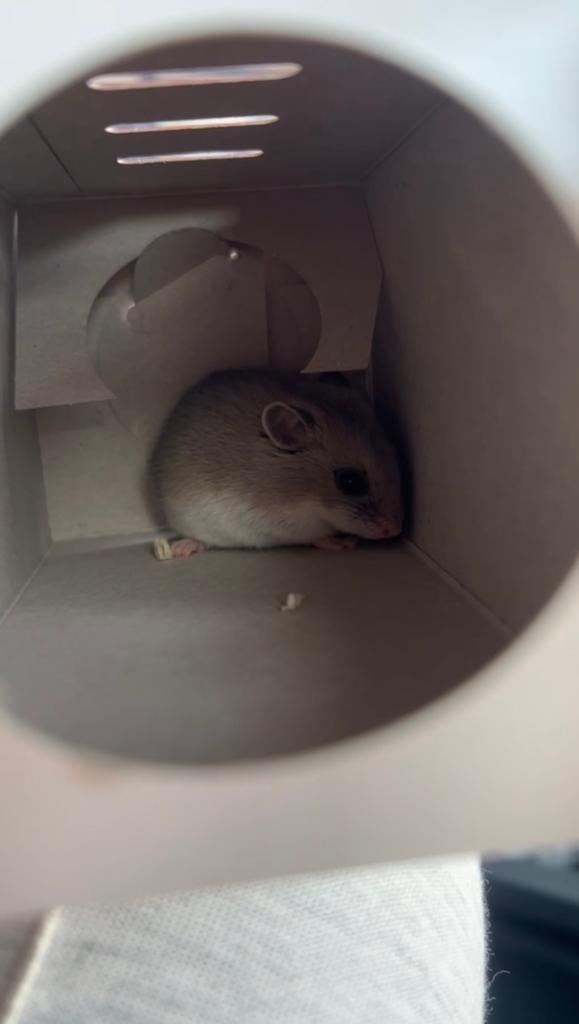dwerg hamstertje te koop, Ophalen, Zo goed als nieuw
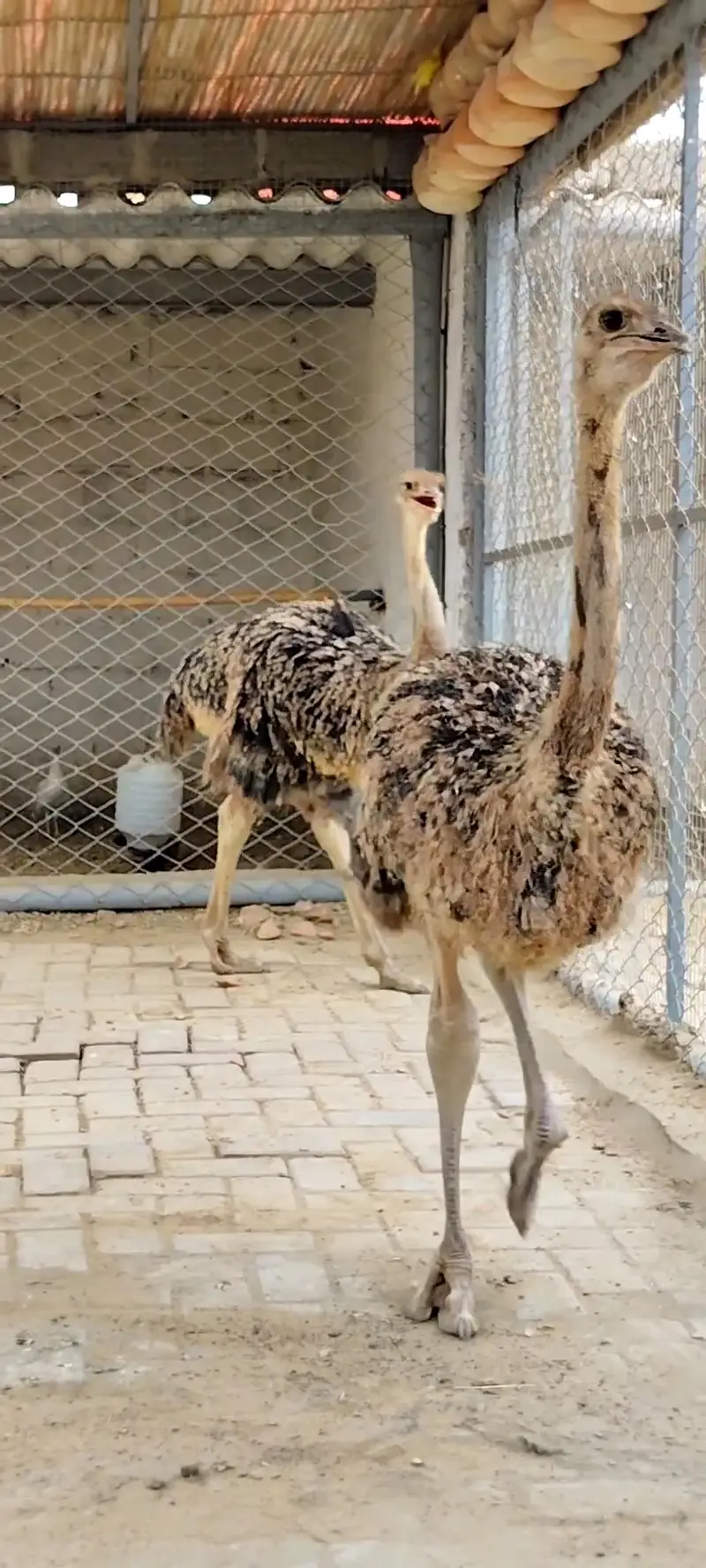 Ostrich Baby Pair — photo 2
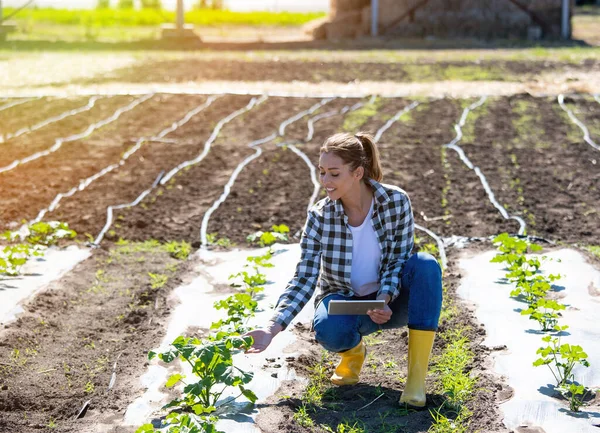 農業のタブレット近代的な技術を使用して女性農家 若い農学者はマヴラ シルベストリス植物を検査する — ストック写真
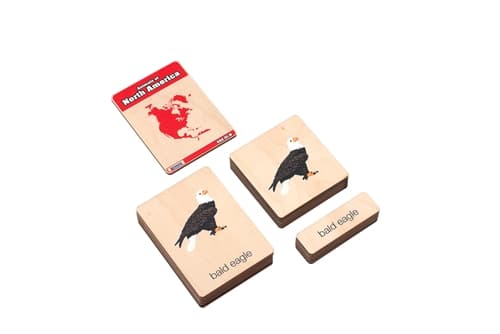 North America Animal Nomenclature (3–6)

▶ What you should do
From the line containing "農業のタブレット近代的な技術を使用して女性農家 若い農学者はマヴラ シルベストリス植物を検査する" down to the final line of the material, restate every line word for word, and only those; drop the pictures.

▶ Result of this exercise
 農業のタブレット近代的な技術を使用して女性農家 若い農学者はマヴラ シルベストリス植物を検査する — ストック写真
 North America Animal Nomenclature (3–6)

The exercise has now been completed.